▶ _Source data_

= Beginning of Section =

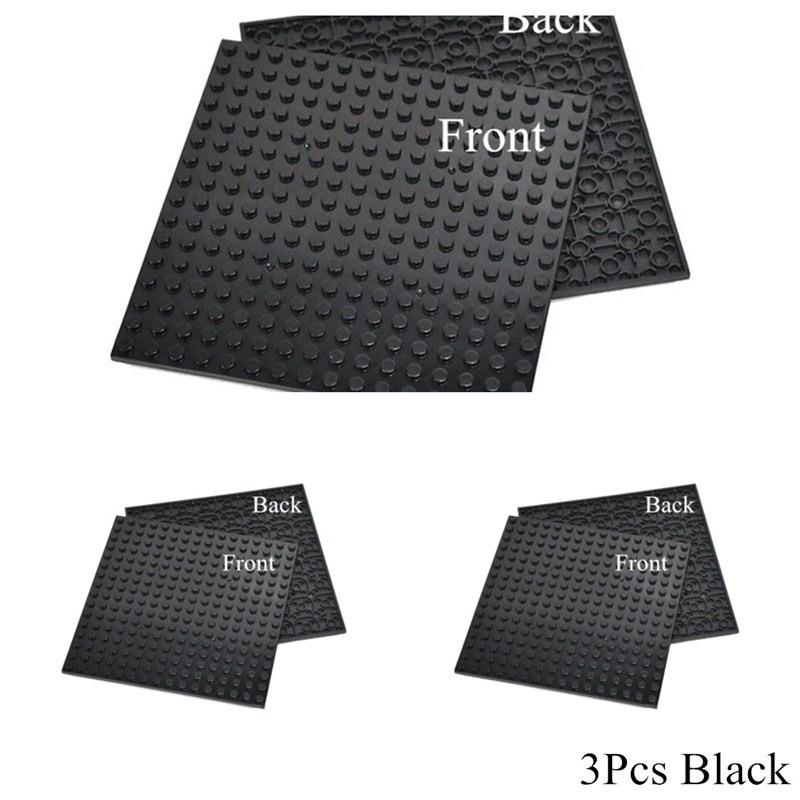 Non-Toxic 3Pcs Plates 16 X 16 Double Sided Baseplate Building Blocks Base Plate Moc City Parts Educational Toy For Children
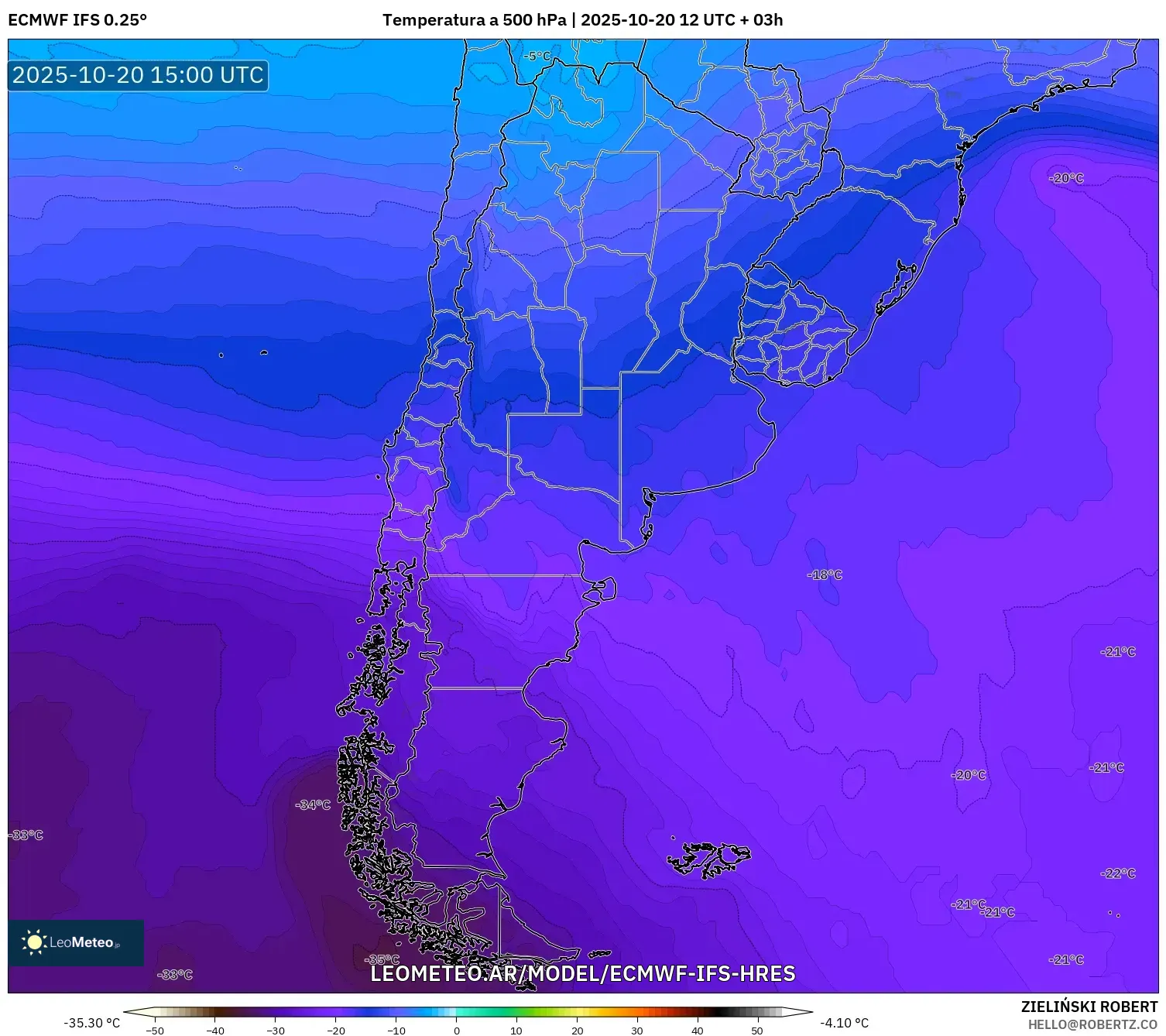ECMWF IFS 0.25° model - Argentina, Temperatura a 500 hPa ECMWF IFS 0.25° model - Argentina, Temperatura a 500 hPa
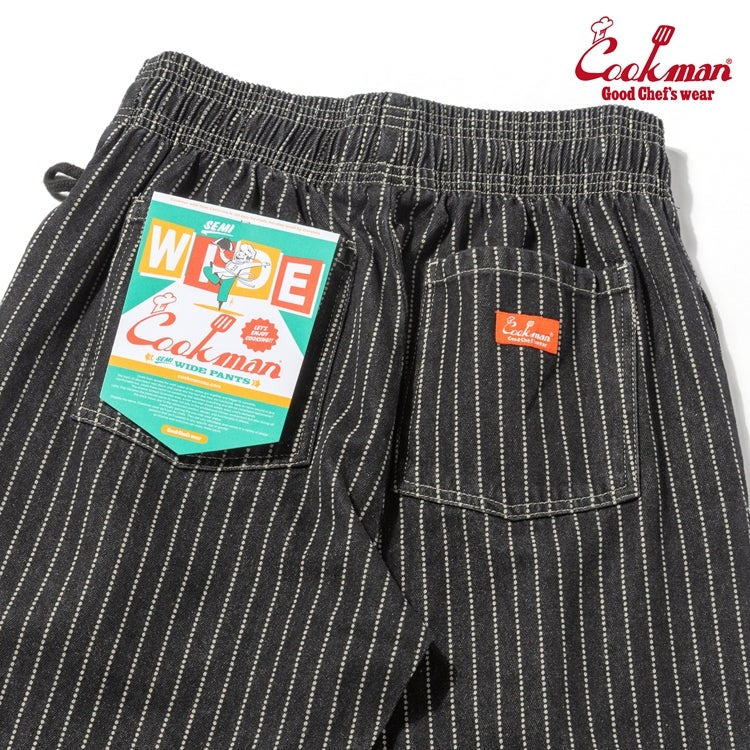 CHEF PANTS SEMIWIDE WABASH DENIM - BLACK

= End of Section =

▶ _Exercise requirements_
Return the listing verbatim; pictures are not part of the copy.

▶ _Worked solution_
 Non-Toxic 3Pcs Plates 16 X 16 Double Sided Baseplate Building Blocks Base Plate Moc City Parts Educational Toy For Children
ECMWF IFS 0.25° model - Argentina, Temperatura a 500 hPa ECMWF IFS 0.25° model - Argentina, Temperatura a 500 hPa
 CHEF PANTS SEMIWIDE WABASH DENIM - BLACK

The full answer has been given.